But the key to keeping the statists in check will be the House of Representatives, not the Senate. And the new speaker of the house will be Ohio Rep. John Boehner. Not known as a small-government idealist, the new speaker did make some heartening comments in the hours after the GOP reclaimed the House. He restated his opinion that Obamacare is a “monstrosity” that he would like to overturn.

The manner in which he tries to do this will be important. The whole law needs to be revoked and rescinded. Parliamentary compromises and budgetary tricks aimed at trimming the edges will not be enough to save the country from the mischief that this perverse “reform” is already causing.

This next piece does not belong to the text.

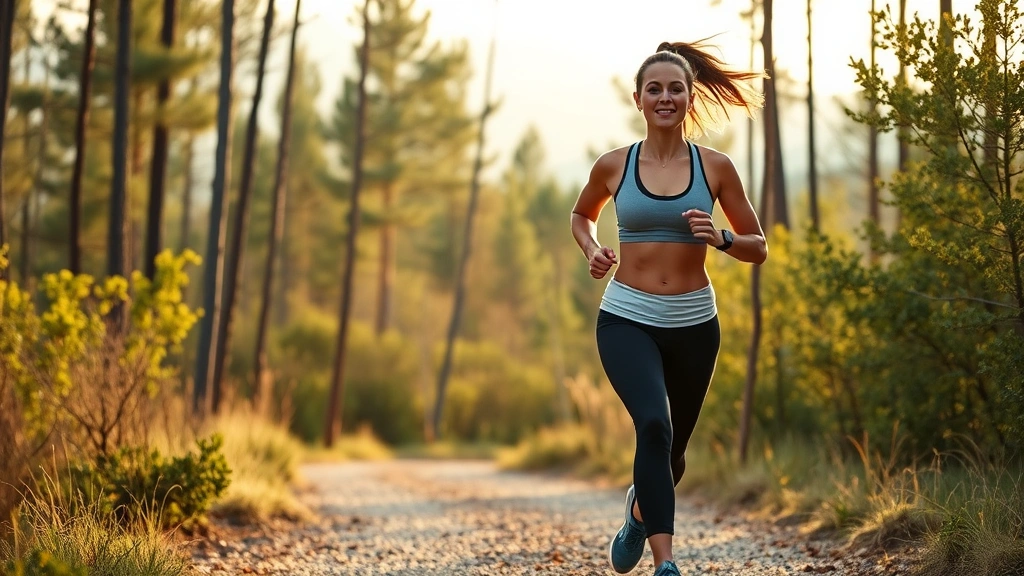 Woman jogging on scenic trail surrounded by trees, athletic build, confident posture, natural outdoor environment, morning or golden hour lighting, health and fitness in action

Lastly, it’s worth noting the president’s press conference on the day after the midterm elections. Living up to his burgeoning reputation for being thin-skinned and petulant, he hemmed and hawed on the matter of his role in his party’s congressional losses: “Some election nights are more fun than others. . . . We lost track of the ways we connected with the folks who got us here in the first place. . . . I've got to do a better job, like everybody else in Washington.”

In moments of adversity, Obama’s rhetorical skills vanish. He sounds and looks like a man who’s been graded on a curve his whole life.

Sixteen years earlier, in similar circumstances, Bill Clinton called a press conference and took responsibility more directly and emphatically for his party’s losses. After that press conference, he changed the course of his presidency, proceeding pragmatically through a reelection and second term. But Barack Obama is no Bill Clinton.